Look what happens with their own specs with the new battery.
The 13.4 KWH battery range is 124 city, 100 combined, 80 freeway.
The new 21.5 KWH is 249, 143 and 112 miles.
That is in percentage of range improvement as 100%, 43% & 40% increase with the new battery.
I assume the 80/112 freeway miles is at 65 MPH.
I assume at 80 MPH, both batteries could have around the exact same range.
At 100 MPH, perhaps our old battery has a better range than the new.
That's why I would like to see a chart on each, like Tesla has. I know my Tesla Model 3 gets 420 miles of range at 38 MPH, 320 at 65 MPH. etc.
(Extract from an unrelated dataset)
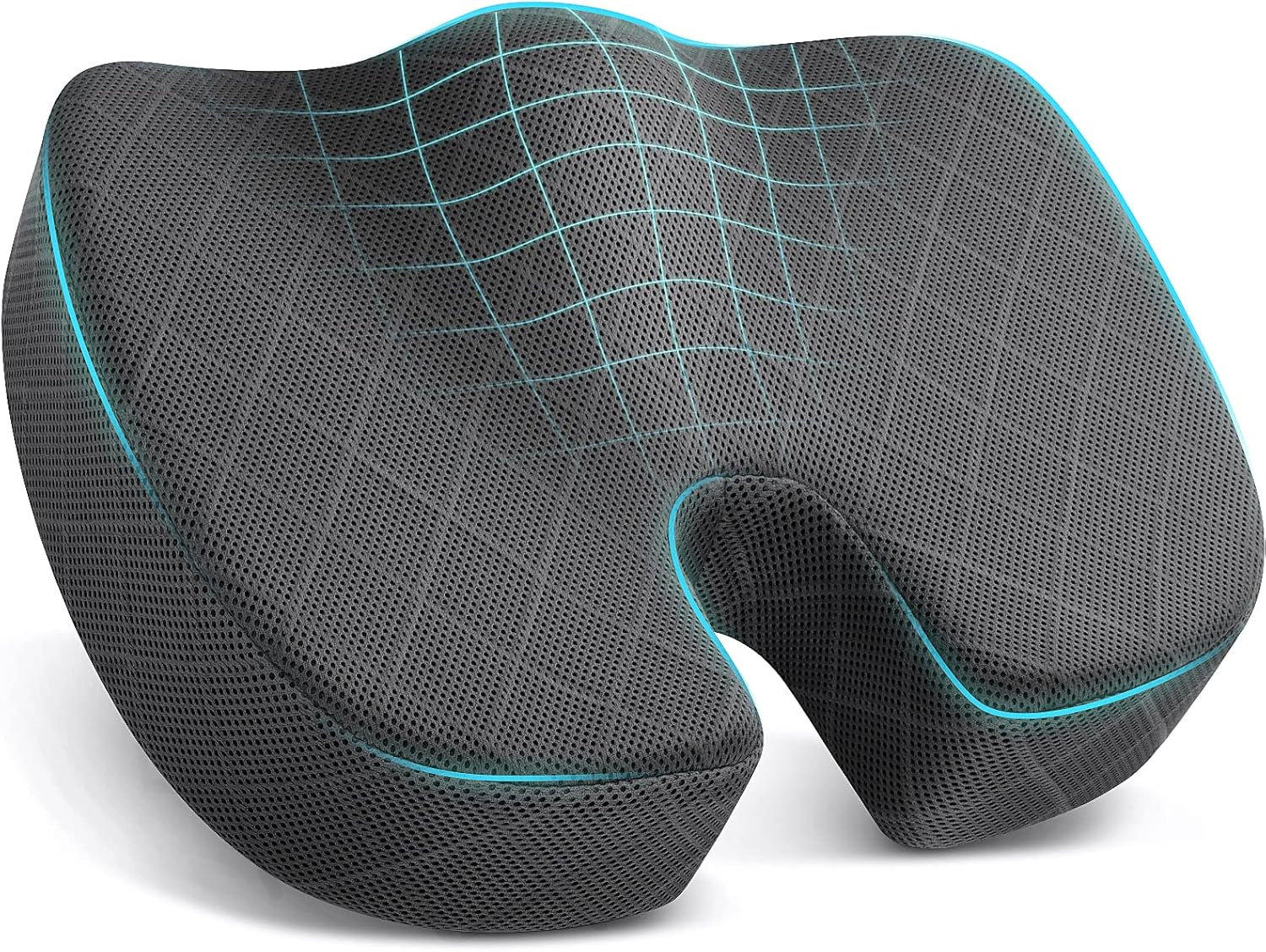 Memory Foam Relief for Long Sitting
With the new battery, I expect the nominal KWH reduces a lot more with load than does our old battery. I have explained before, with batteries, a KWH is NOT always a KWH when the load changes. They could rate them where the KWH give the very best numbers.
The big advantage of the newer battery is at slower speeds, where the range doubles. As the speed increases, it looks like the difference becomes less and less between the new and old battery by Energia's own range specs.
If going fast enough, is it possible that the older battery gives better range than the new? I kinda assume such is possible, say at above 100 MPH. Can somebody here explain if such is really possible?